» **PROVIDED MATERIAL**
○ ○ ○ ○ ○
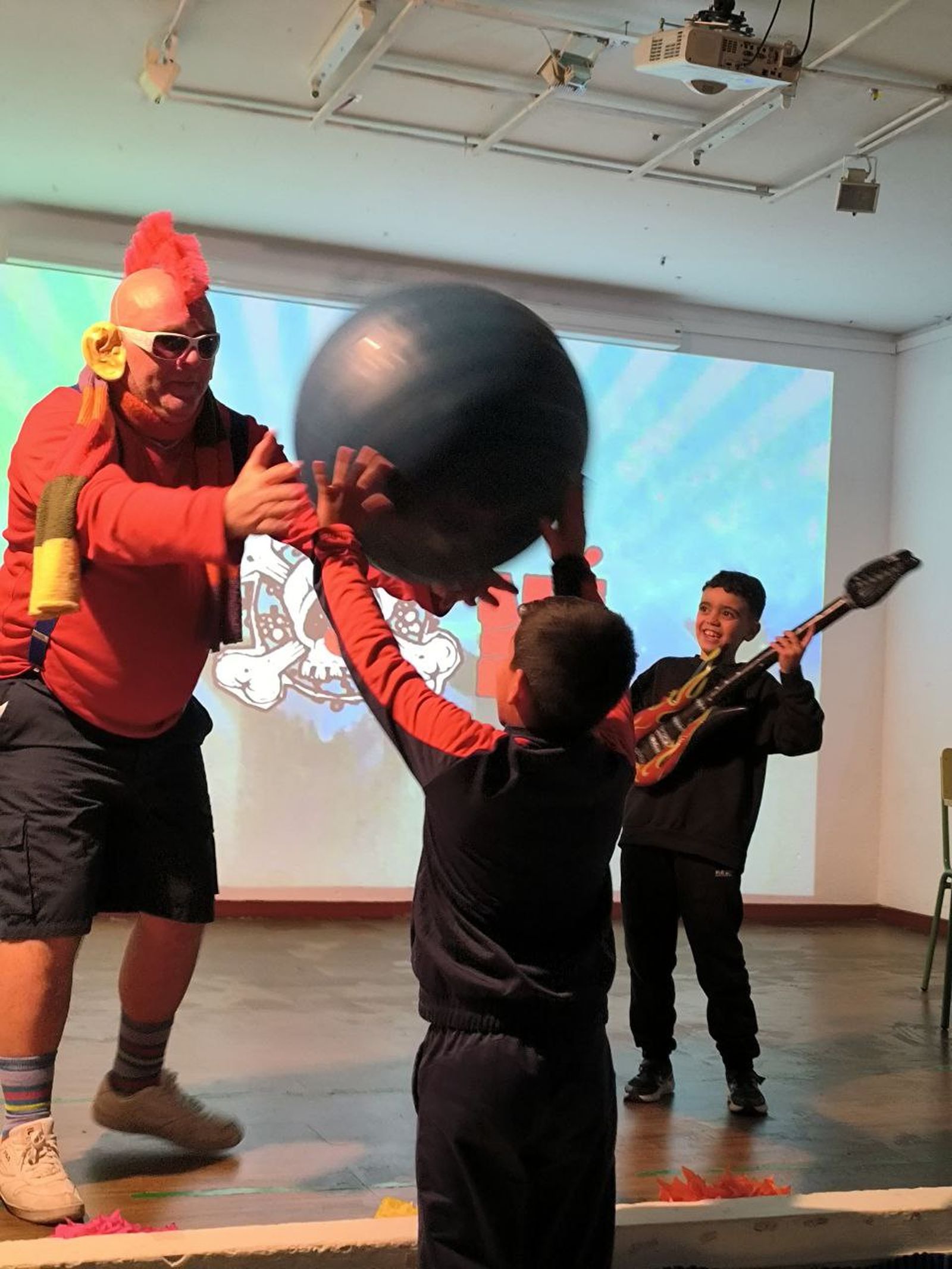 El CEIP Rey Juan Carlos I disfruta con una obra de teatro contra el Bullying en el Día de la Paz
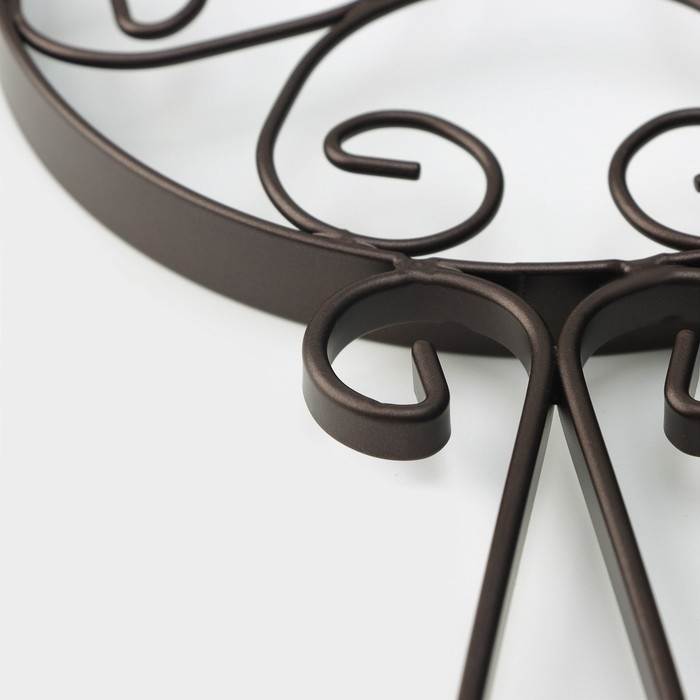 Подставка под горячее на ножках с ручкой Доляна «Сердца», 25,5×16,3 см, цвет коричневый Подставка под горячее на ножках с ручкой Доляна «Сердца», 25,5×16,3 см, цвет коричневый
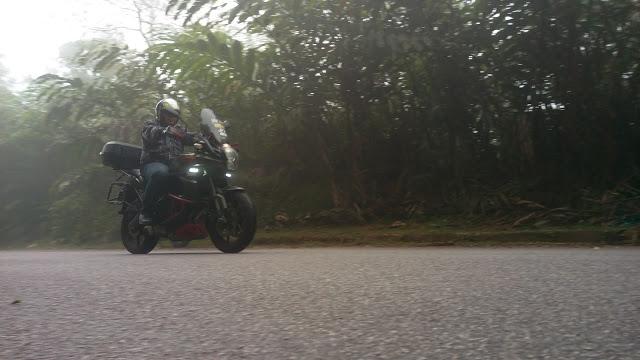 IMAG0976_BURST017.jpg IMAG0976_BURST017.jpg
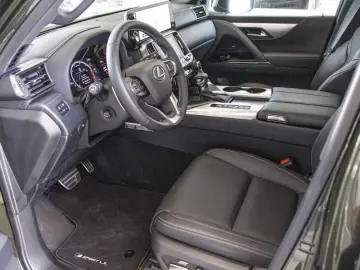 LX 600 F SPORT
○ ○ ○ ○ ○
» **WORK ITEM**
Are you able to set down all the lines above exactly, without any pictures?

» **SOLUTION FOR THIS TASK**
 El CEIP Rey Juan Carlos I disfruta con una obra de teatro contra el Bullying en el Día de la Paz
 Подставка под горячее на ножках с ручкой Доляна «Сердца», 25,5×16,3 см, цвет коричневый Подставка под горячее на ножках с ручкой Доляна «Сердца», 25,5×16,3 см, цвет коричневый
 IMAG0976_BURST017.jpg IMAG0976_BURST017.jpg
 LX 600 F SPORT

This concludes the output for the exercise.